Peter Suber (02 Dec 2009), Open Access and the Google Book Settlement

Jon Image
Daniel Brandt
Suber understates Google's plan for world domination.

This line from Suber's document is misleading:
QUOTE
When the lawsuit was filed, Google suspended its scanning of copyrighted books, but continued its scanning and posting of public-domain books without objection from any quarter.
Note this page:
QUOTE
On August 11, Google announced on its blog that they are suspending its scanning of copyrighted works from libraries. Scanning will resume in November, which presumably gives publishers who are rights-holders time to opt-out with a list of books they do not want scanned at the library.
Yes, they suspended it for nearly three months. That was four years ago. Big deal.

The bottom line: Google has been scanning ALL books that the library provides. The various libraries have no incentive to restrict the types of books it provides, because in the confidential agreements that Google made with the libraries, Google indemnifies them against any legal challenges. Moreover, the library gets a copy of the scan.

Take the University of Michigan, for example, which is Larry Page's alma mater and the largest library scanning project by far. Google has continued to scan all books from that library: in-print, out-of-print, in-copyright, orphan, public domain, etc. And all languages.

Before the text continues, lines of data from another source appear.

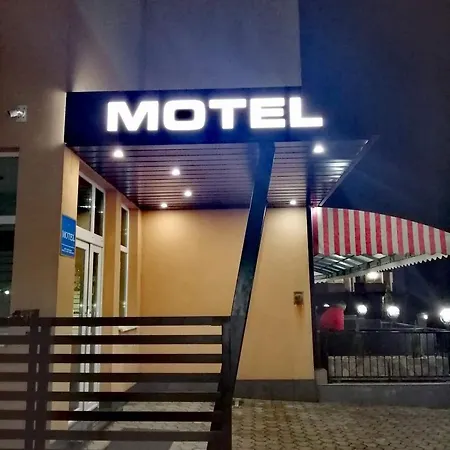 Calypso Motel 3*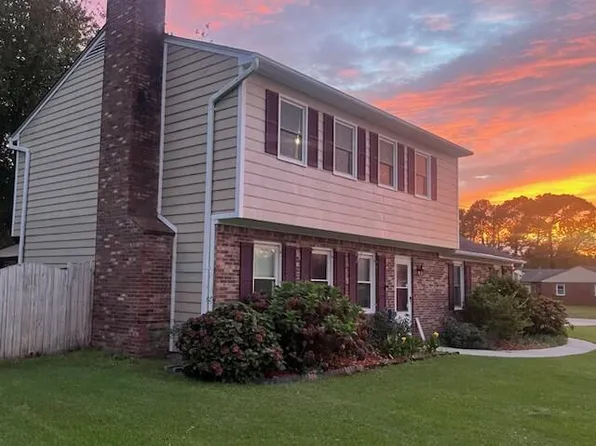 703 James Drive, Newport, NC 28570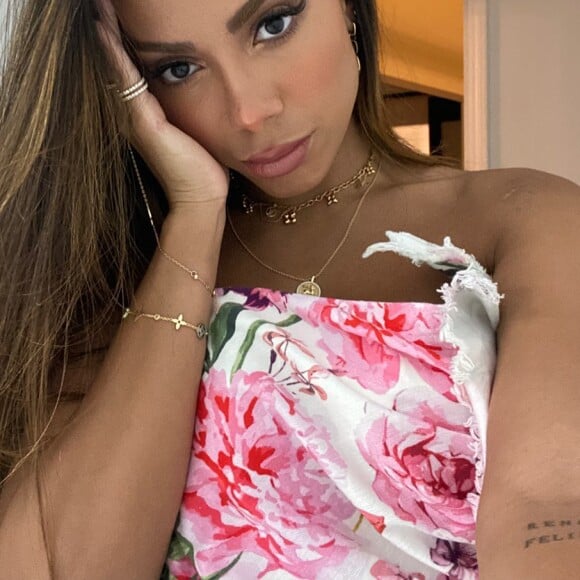 Anitta se revoltou ao saber que Eliezer vai continuar no 'BBB 22'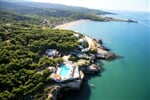 Panoramatický pohled na rezidenci s bazénem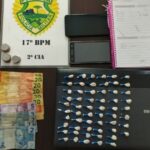 Polícia Militar de Araucária prende três traficantes e apreende drogas em biqueira no Tindiquera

The Chinese just recently said, "Hold on here, you cannot scan copyrighted material from Chinese writers." So has India. So has Germany. So has France. So has Italy. Google cut them out of Settlement 2.0, but they continue to scan books copyrighted in these and other countries.

Is Google listening? Nope, they just keep scanning. The Settlement completely sidestepped the copyright issue, which gave Google Four More Years of mass-scanning. Why did the plaintiffs, who sued on the grounds of copyright infringement, fall for it? Well, there's that little matter of Google agreeing to pay up to $30 million to the plaintiff's attorneys.

That's why it's called a book grab.
dtobias
Peter Suber is the creator of Nomic, the game in which changing the rules is a move.